On a practical level, there's no doubt Siegel was the primary force behind Superman, but Shuster definitely brought stuff to the table as well. The Daily Planet was originally the Daily Star, named for the Toronto Star (apparently they changed the title so that no newspaper would be able to claim they had Clark Kent working for them), and Shuster consciously based the skyline of metropolis on that of Toronto. So it's not as though there's no connection whatsoever.

Any which way, it is kinda interesting to me to think about Superman in connection with Do-Ming's point on the pre-war American identity. He's quite right that the U.S. wasn't a superpower, and didn't see itself as such. But the super-hero, which so many people have seen in years since as an emblem of US power, was already a-borning; Superman, Batman, and Captain America were all created before the US entered the war, and Wikipedia tells me Wonder Woman was first published in December of 1941. So ... an example of artists sensing a change in the world around them, or a case of a society finding a useful image for itself after the fact?

Anonymous said...

@ Do-Ming: Not to mention that interminable series of I! Am! Canadian! beer commercials from a couple of years ago. The ones where the guy was pissed off because he thought Americans thought we lived in igloos and whatnot. I don't think I've ever met anyone who genuinely believed that, and I've run into some extremely uninformed people in the US. But it's an integral part of our national self-image for some reason that we're misunderstood as a country.

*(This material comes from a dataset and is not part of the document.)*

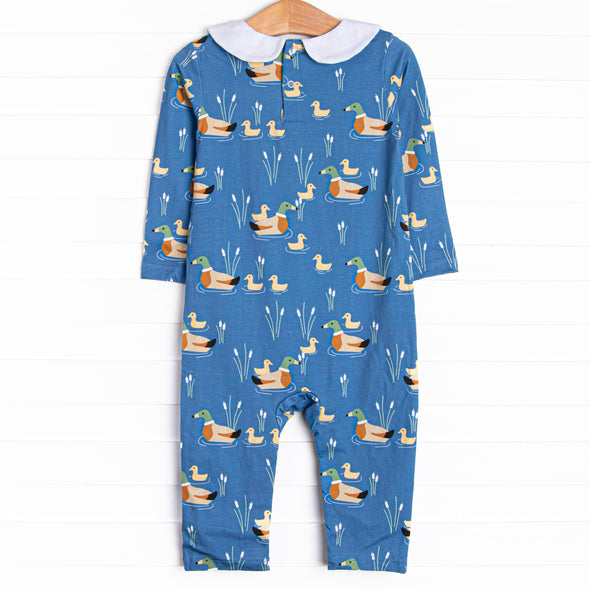 Ducks in a Row Romper, Blue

(My little sister did once convince someone in Texas that the reason our school didn't have a football team was because we'd lost our field to the advancing glaciers, but I don't think that counts.)

David Nickle said...

Canada needs a John Hodgman, to do Hinterland Who's Who episodes about the Manitoba Screaming Monkey Eel and the South-Western Ontario Albino Spider-Rat.

Great essay, btw, Matthew. And I'm not just saying that because you said insightful things about Wylde's Kingdom (although I'm partly saying that because you said insightful things about Wylde's Kingdom).